Task statement -> Copy out the listing in full, exactly as written, but not its pictures.

(Source records begins)

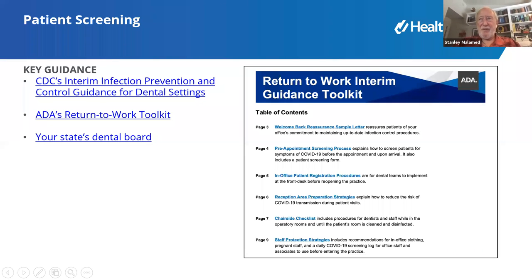From the dental perspective, there are places to go online for up-to-date information. The Centers for Disease Control and Prevention updated their recommendations for the dental profession on June 17th. The ADA has a return-to-work toolkit. You also need to work with your state dental board, as many recommendations are made at the state level. These are the places to get guidelines: work with the ADA, your state dental board, and the CDC recommendations.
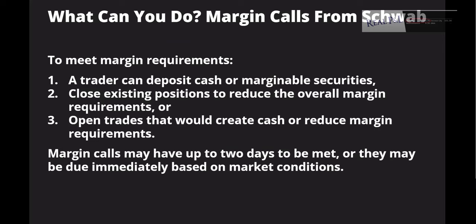What can you do if you get a margin call from Schwab? A trader can deposit cash or marginable securities, close existing positions to reduce overall margin requirements, or open trades that would create cash or reduce margin requirements. Margin calls may have up to two days to be met, or they may be due immediately based on market conditions.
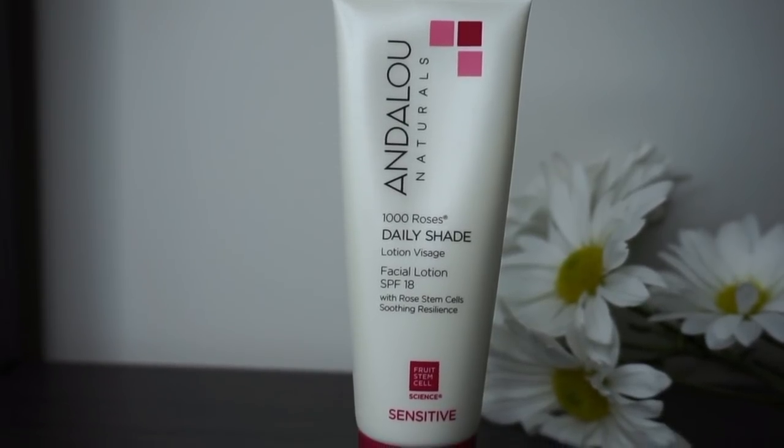My favorite daytime facial moisturizer this year was the Andalou Naturals 1000 Roses Daily Shade Facial Lotion with SPF 18. I love having an SPF in my facial moisturizer — it's no fuss and I know I've got a little bit of coverage no matter what. I like buying a less expensive facial moisturizer because I tend to put it on and wash it off multiple times a day, like before and after the gym. At this point in my life, I don't want to spend a ton of money on a moisturizer I'm constantly cycling through. You can find it at natural food stores.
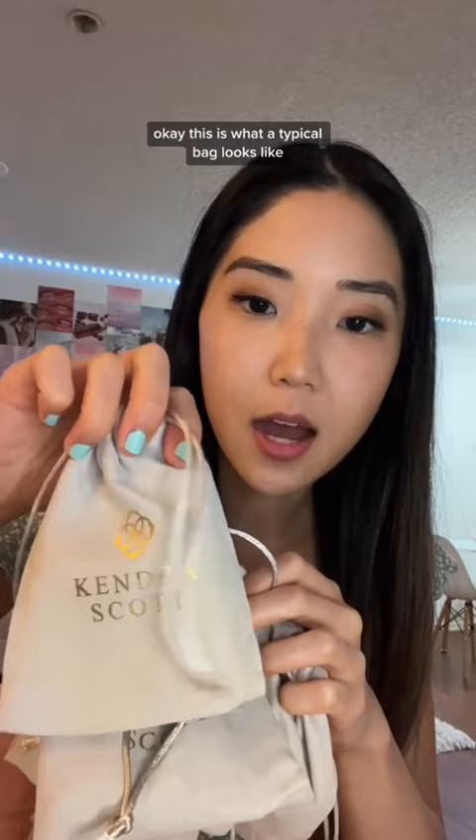Actually, let me show you what a typical Kendra Scott bag looks like. This is what a typical bag looks like, and this isn't even half my collection — we don't need to talk about it.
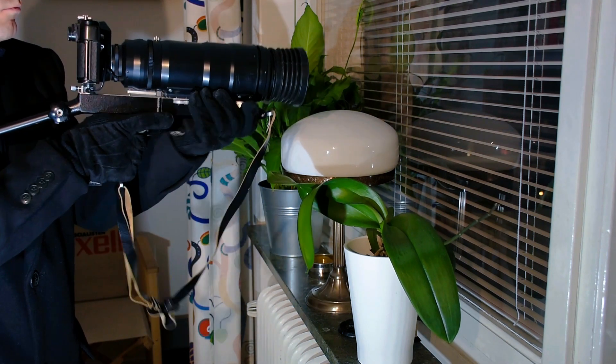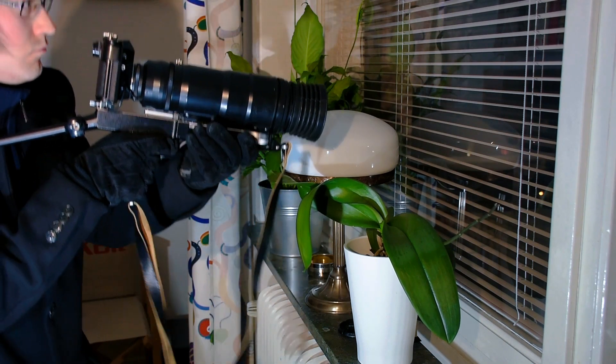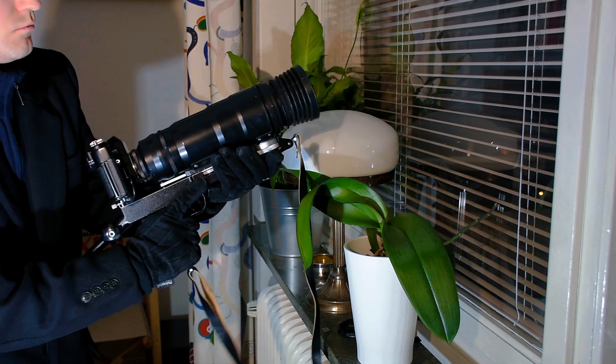As if it wasn't obvious, this is just the teaser trailer for the future video about the Zenit model 12 photo sniper. Have a nice rest of your day and see you in the next video. TB agency out.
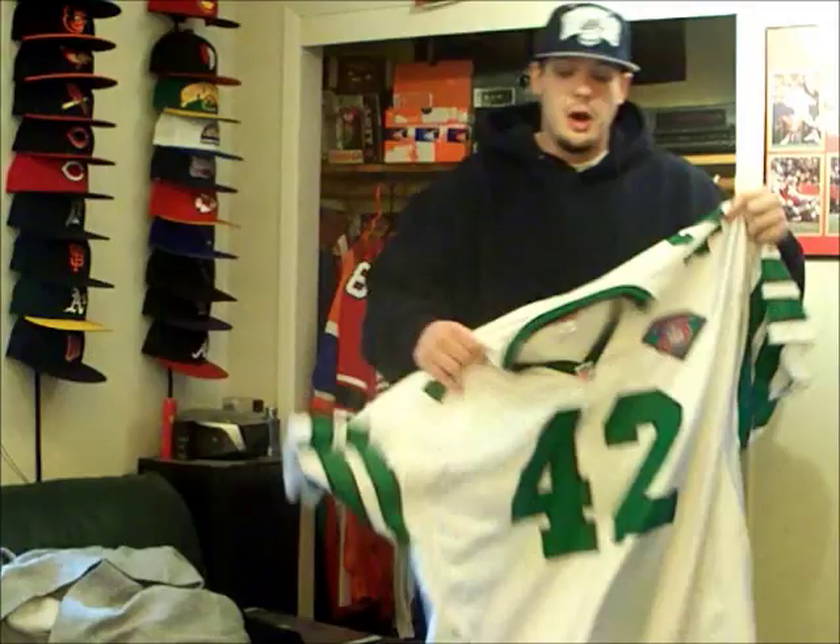It's hard to find — you only see the other player that they made for this style of jersey, but this one doesn't really pop up that much. And it is the Ronnie Lott New York Jets. Everything on here is screen print, size 60.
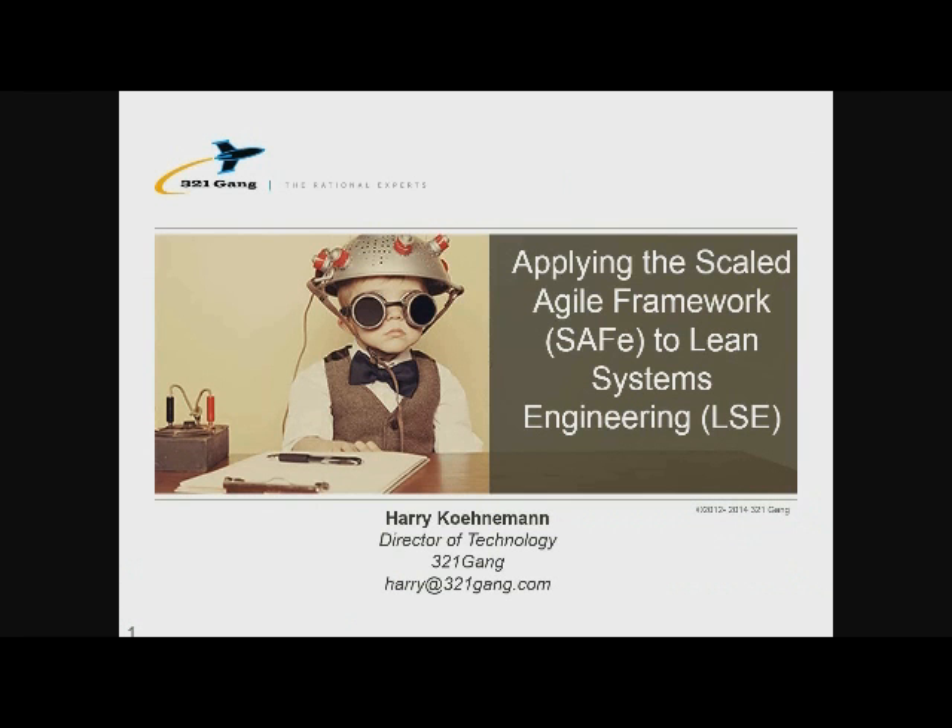Welcome, everybody, to the talk today. As Kara mentioned, we want to talk to you about the Scaled Agile Framework for Lean Systems Engineering.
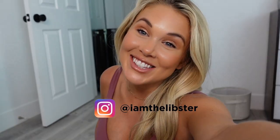Welcome back to my channel. My name is Libby. I'm a personal trainer and soon-to-be mama.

(Source records ends)

Result of this exercise ->
From the dental perspective, there are places to go online for up-to-date information. The Centers for Disease Control and Prevention updated their recommendations for the dental profession on June 17th. The ADA has a return-to-work toolkit. You also need to work with your state dental board, as many recommendations are made at the state level. These are the places to get guidelines: work with the ADA, your state dental board, and the CDC recommendations.
What can you do if you get a margin call from Schwab? A trader can deposit cash or marginable securities, close existing positions to reduce overall margin requirements, or open trades that would create cash or reduce margin requirements. Margin calls may have up to two days to be met, or they may be due immediately based on market conditions.
My favorite daytime facial moisturizer this year was the Andalou Naturals 1000 Roses Daily Shade Facial Lotion with SPF 18. I love having an SPF in my facial moisturizer — it's no fuss and I know I've got a little bit of coverage no matter what. I like buying a less expensive facial moisturizer because I tend to put it on and wash it off multiple times a day, like before and after the gym. At this point in my life, I don't want to spend a ton of money on a moisturizer I'm constantly cycling through. You can find it at natural food stores.
Actually, let me show you what a typical Kendra Scott bag looks like. This is what a typical bag looks like, and this isn't even half my collection — we don't need to talk about it.
As if it wasn't obvious, this is just the teaser trailer for the future video about the Zenit model 12 photo sniper. Have a nice rest of your day and see you in the next video. TB agency out.
It's hard to find — you only see the other player that they made for this style of jersey, but this one doesn't really pop up that much. And it is the Ronnie Lott New York Jets. Everything on here is screen print, size 60.
Welcome, everybody, to the talk today. As Kara mentioned, we want to talk to you about the Scaled Agile Framework for Lean Systems Engineering.
Welcome back to my channel. My name is Libby. I'm a personal trainer and soon-to-be mama.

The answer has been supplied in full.